Clinical implications
As a noninvasive and convenient technique, RVMW derived by echocardiography enable it to provide a scientific theoretical basis and practical significance for assessing RV function. Notably, the data showed excellent agreement and repeatability in assessing RVMW indices, which raises the possibility that these new advanced echocardiographic parameters could be used in clinical practice such as PH, heart failure, RV dyssynchrony, and so on.
Study limitations
Acquiring and quantifying RVMW datasets using a single provider platform may affect the applicability of these reference values to data obtained from other provider platforms.
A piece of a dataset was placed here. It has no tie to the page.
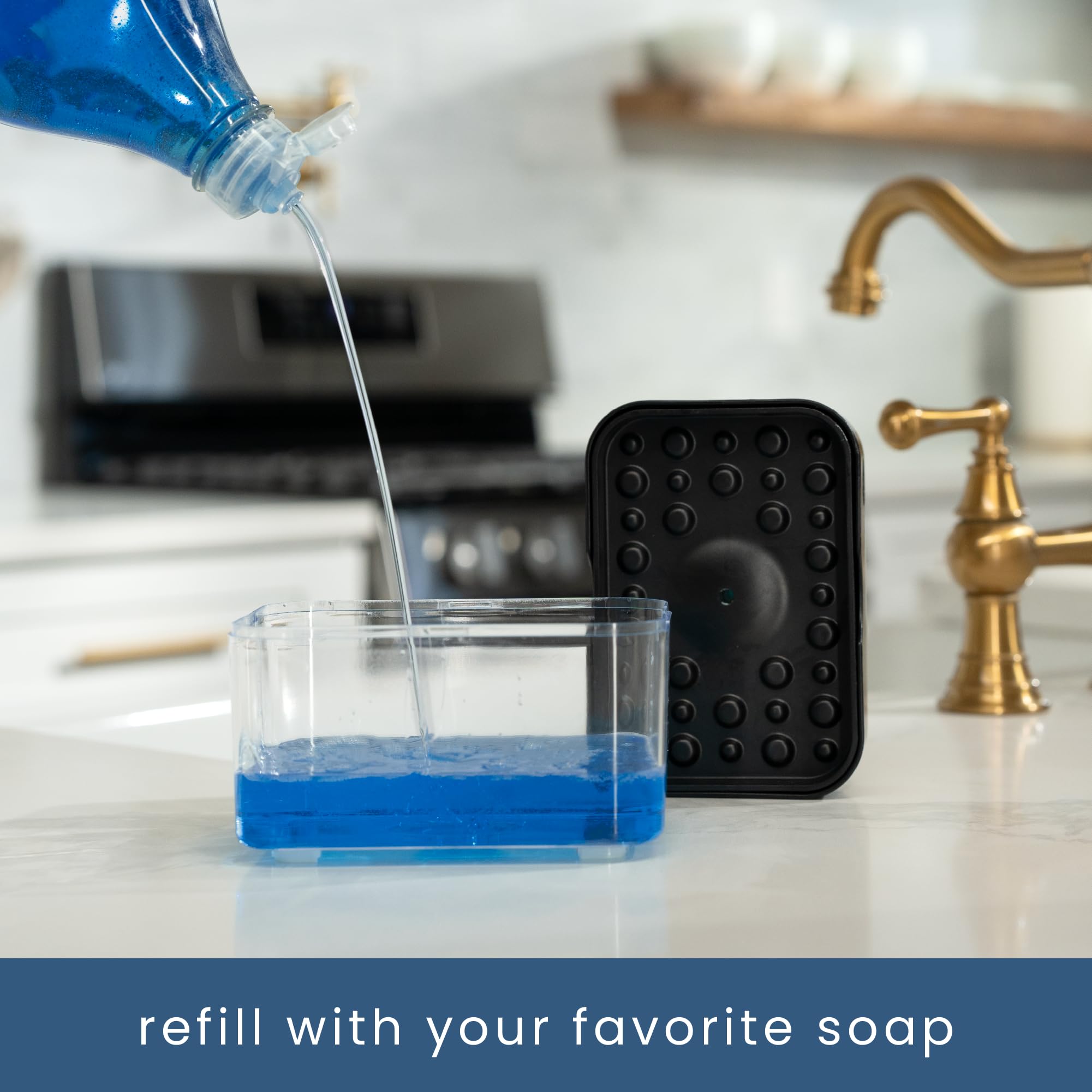 S&T INC. Dish Soap Dispenser and Sponge Holder for Kitchen Sink with Enhanced Features  Sponge Included  13 Ounces  Matte Black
In addition, commercial software required to measure RVMW is specifically designed to measure LVMW. Therefore, the calculation of RVMW is not as accurate as LVMW due to the complex and irregular shape of the right ventricle.[28, 29] Non-invasive RVPSL may need to be validated with invasively derived RVPSL in the future. Meanwhile, for ethical reasons, cardiac magnetic resonance or right heart catheterization was not used to verify the validity of RVMW. Also, as the TR Doppler envelope may not be acquired or the imaging of the TR Doppler envelope is obscure in some normal population, we might have had selection bias. Furthermore, although all subjects were asymptomatic on regular exams, we cannot rule out the possibility of subclinical cardiovascular or respiratory disease, particularly in the elderly. Finally, it remains unknown whether our results can be generalized to non-Asia subjects.